*** Data records Section Begins ***
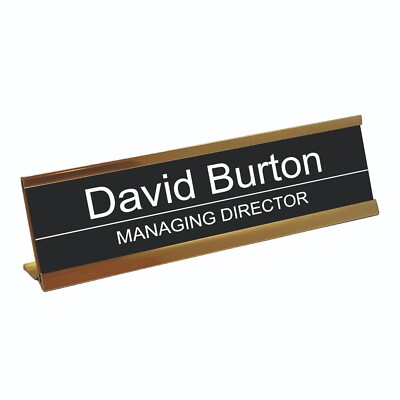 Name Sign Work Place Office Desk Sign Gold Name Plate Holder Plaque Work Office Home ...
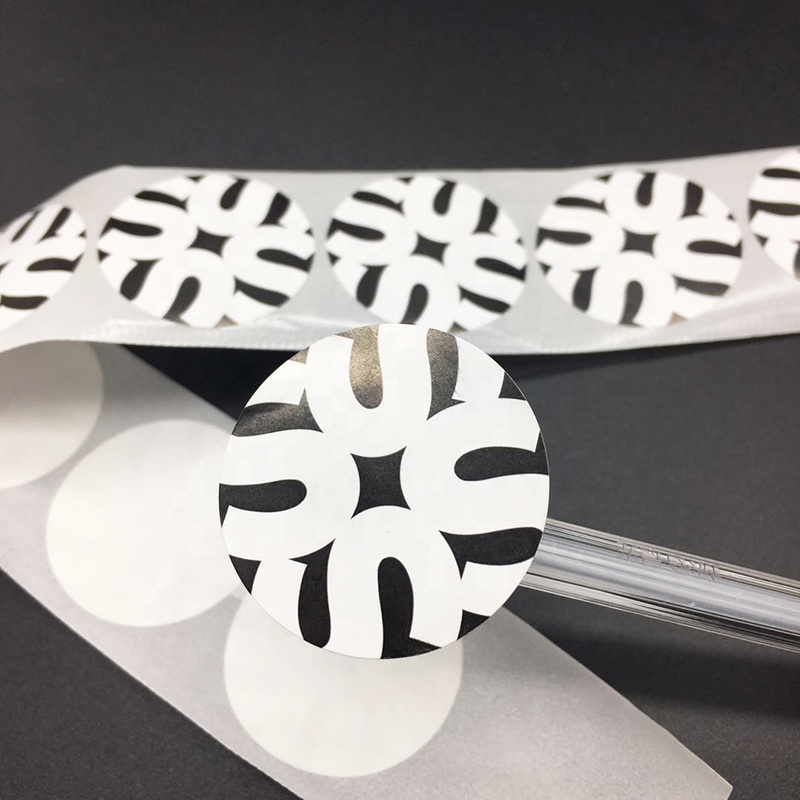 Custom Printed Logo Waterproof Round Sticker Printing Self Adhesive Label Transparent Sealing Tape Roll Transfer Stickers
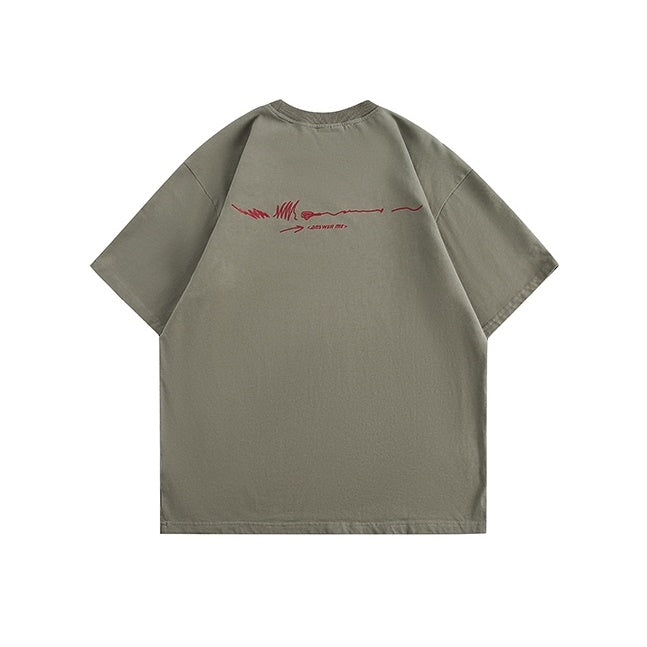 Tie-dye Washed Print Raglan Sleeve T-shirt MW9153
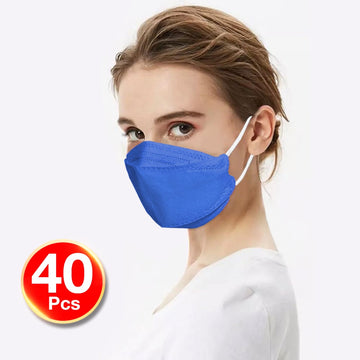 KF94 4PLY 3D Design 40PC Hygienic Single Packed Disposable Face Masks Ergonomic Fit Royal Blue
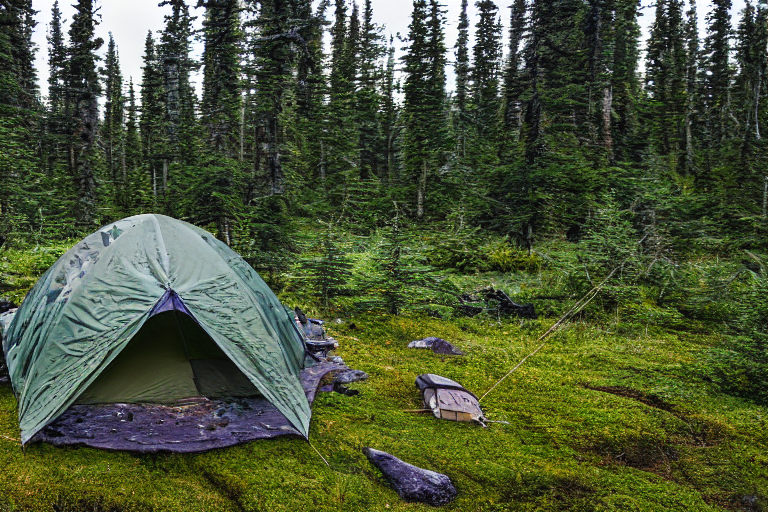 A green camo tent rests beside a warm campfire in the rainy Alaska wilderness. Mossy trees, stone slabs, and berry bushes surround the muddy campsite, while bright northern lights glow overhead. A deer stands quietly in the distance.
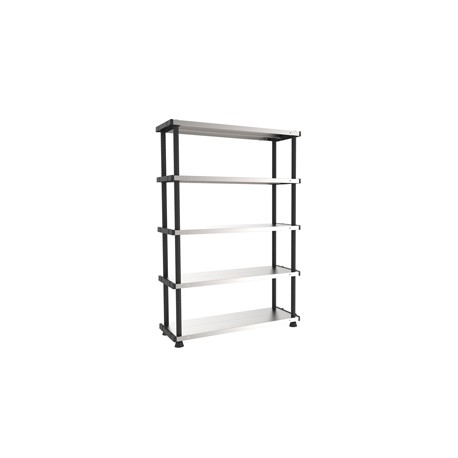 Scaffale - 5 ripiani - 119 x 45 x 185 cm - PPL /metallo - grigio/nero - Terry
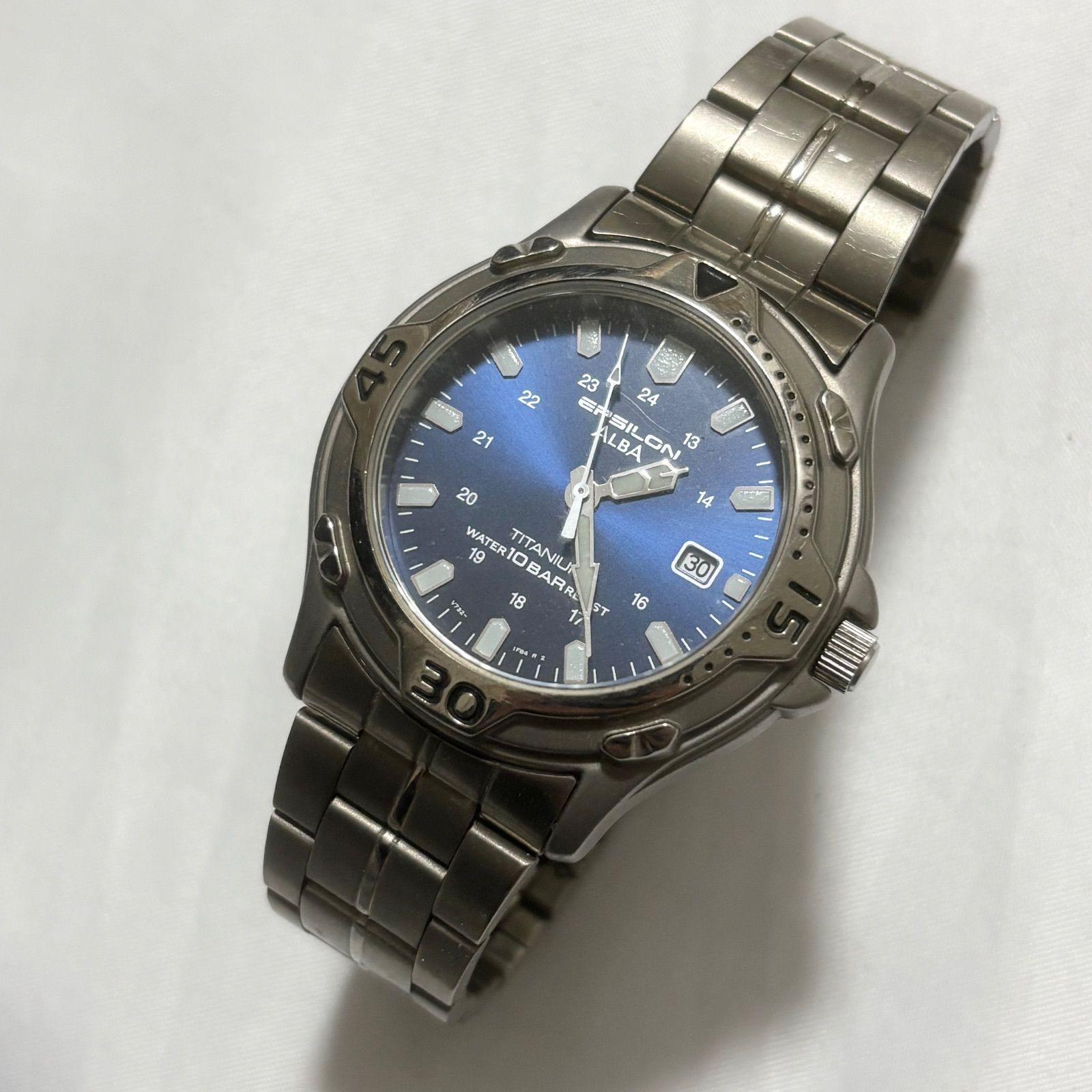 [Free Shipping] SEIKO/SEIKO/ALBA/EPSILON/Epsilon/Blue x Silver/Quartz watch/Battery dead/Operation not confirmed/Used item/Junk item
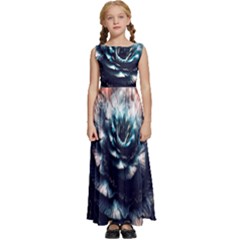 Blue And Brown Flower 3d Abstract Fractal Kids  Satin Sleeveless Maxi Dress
*** Data records Section Ends ***
*** Data records Section Begins ***
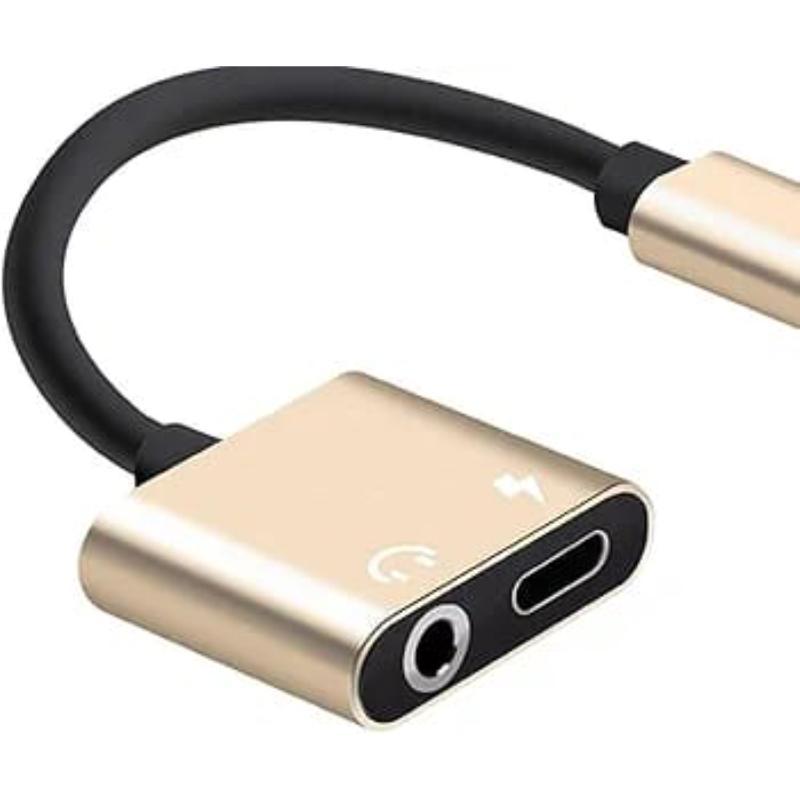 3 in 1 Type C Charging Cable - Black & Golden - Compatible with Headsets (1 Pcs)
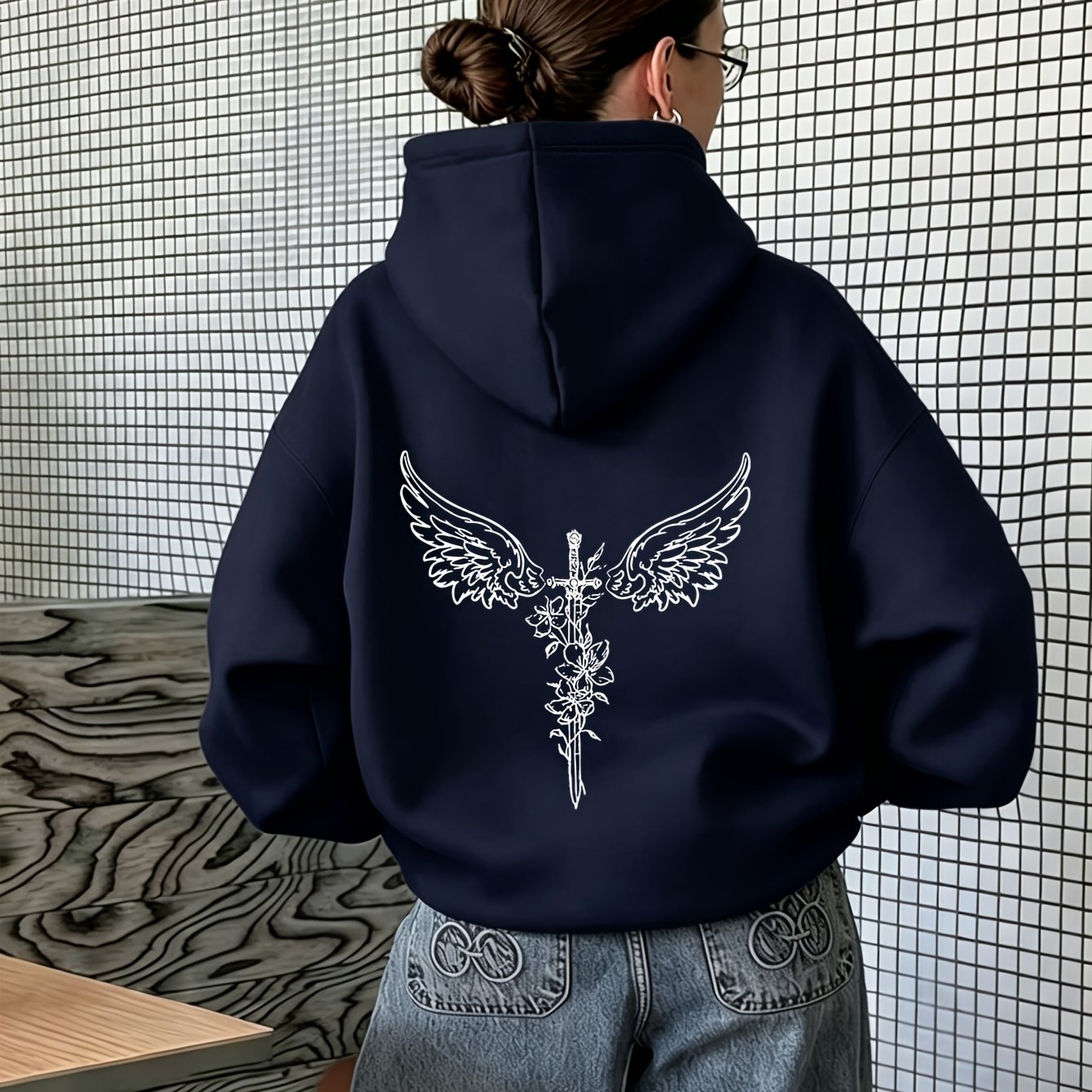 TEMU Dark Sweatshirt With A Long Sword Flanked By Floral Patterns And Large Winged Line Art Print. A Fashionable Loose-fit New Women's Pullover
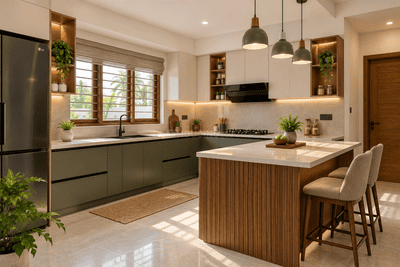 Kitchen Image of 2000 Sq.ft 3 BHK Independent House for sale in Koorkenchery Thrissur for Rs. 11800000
*** Data records Section Ends ***
*** Data records Section Begins ***
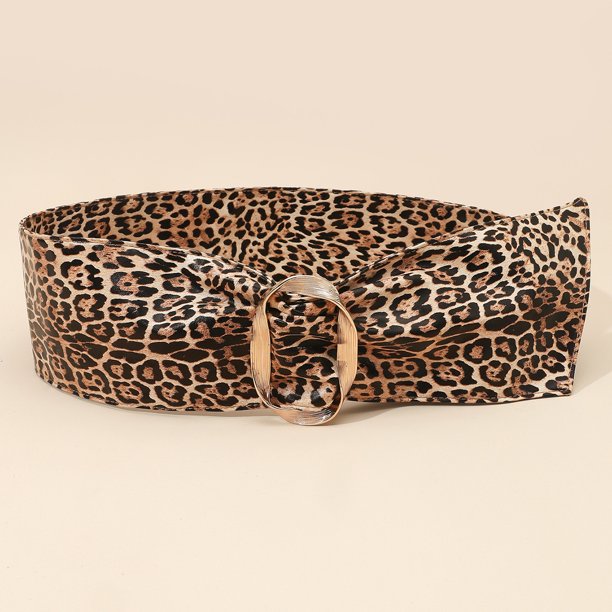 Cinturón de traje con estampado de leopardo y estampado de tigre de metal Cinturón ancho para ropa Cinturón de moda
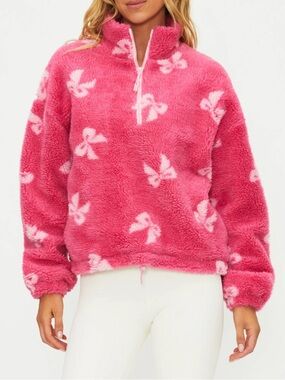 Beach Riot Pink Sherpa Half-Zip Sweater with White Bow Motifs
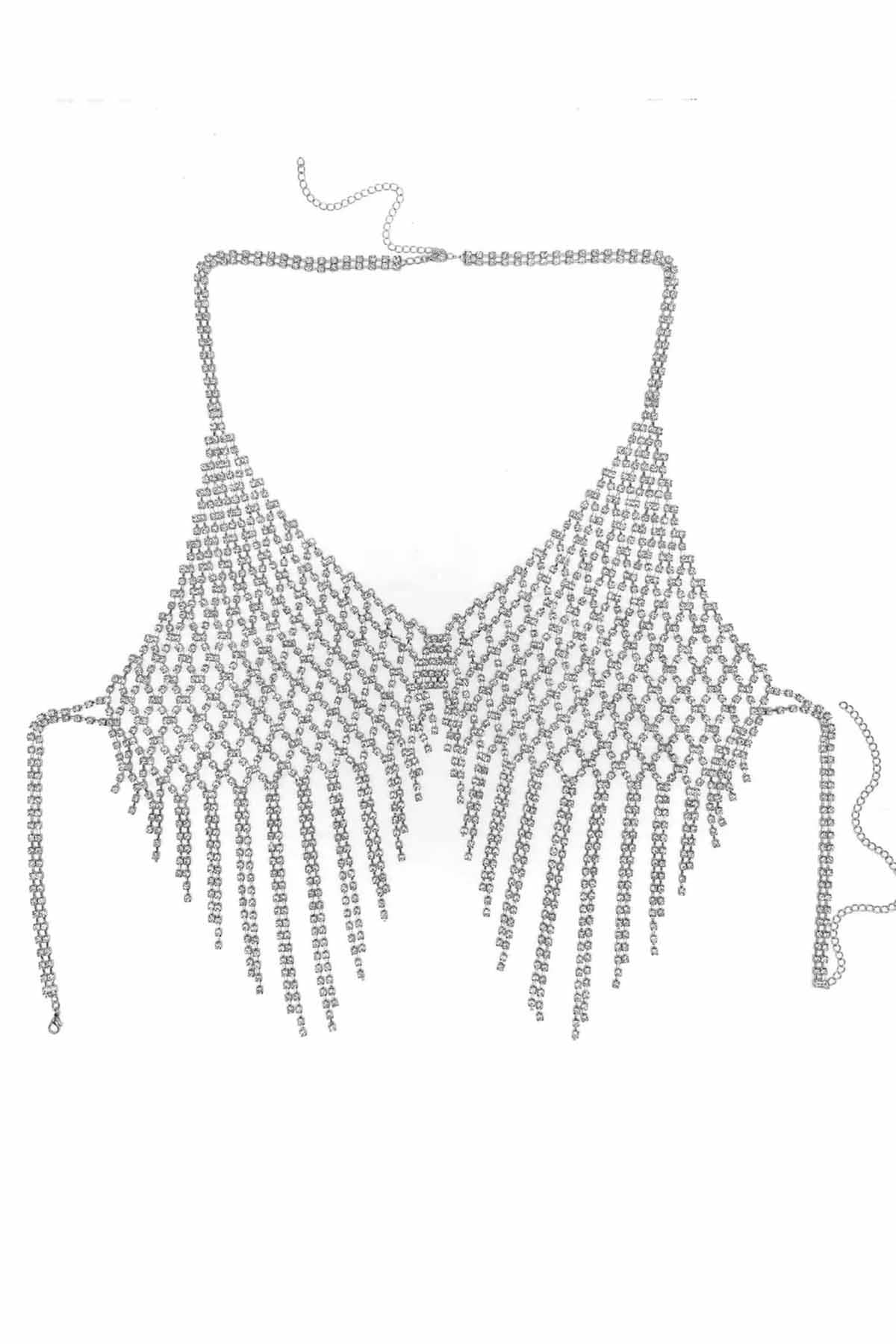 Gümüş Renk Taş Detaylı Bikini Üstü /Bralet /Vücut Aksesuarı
*** Data records Section Ends ***
## Task
Only one stretch of the data is wanted: write out exactly the lines from the one holding "Name Sign Work" through the one holding "Tie-dye Washed Print", both included, without the pictures.

## Solution to this problem
 Name Sign Work Place Office Desk Sign Gold Name Plate Holder Plaque Work Office Home ...
 Custom Printed Logo Waterproof Round Sticker Printing Self Adhesive Label Transparent Sealing Tape Roll Transfer Stickers
 Tie-dye Washed Print Raglan Sleeve T-shirt MW9153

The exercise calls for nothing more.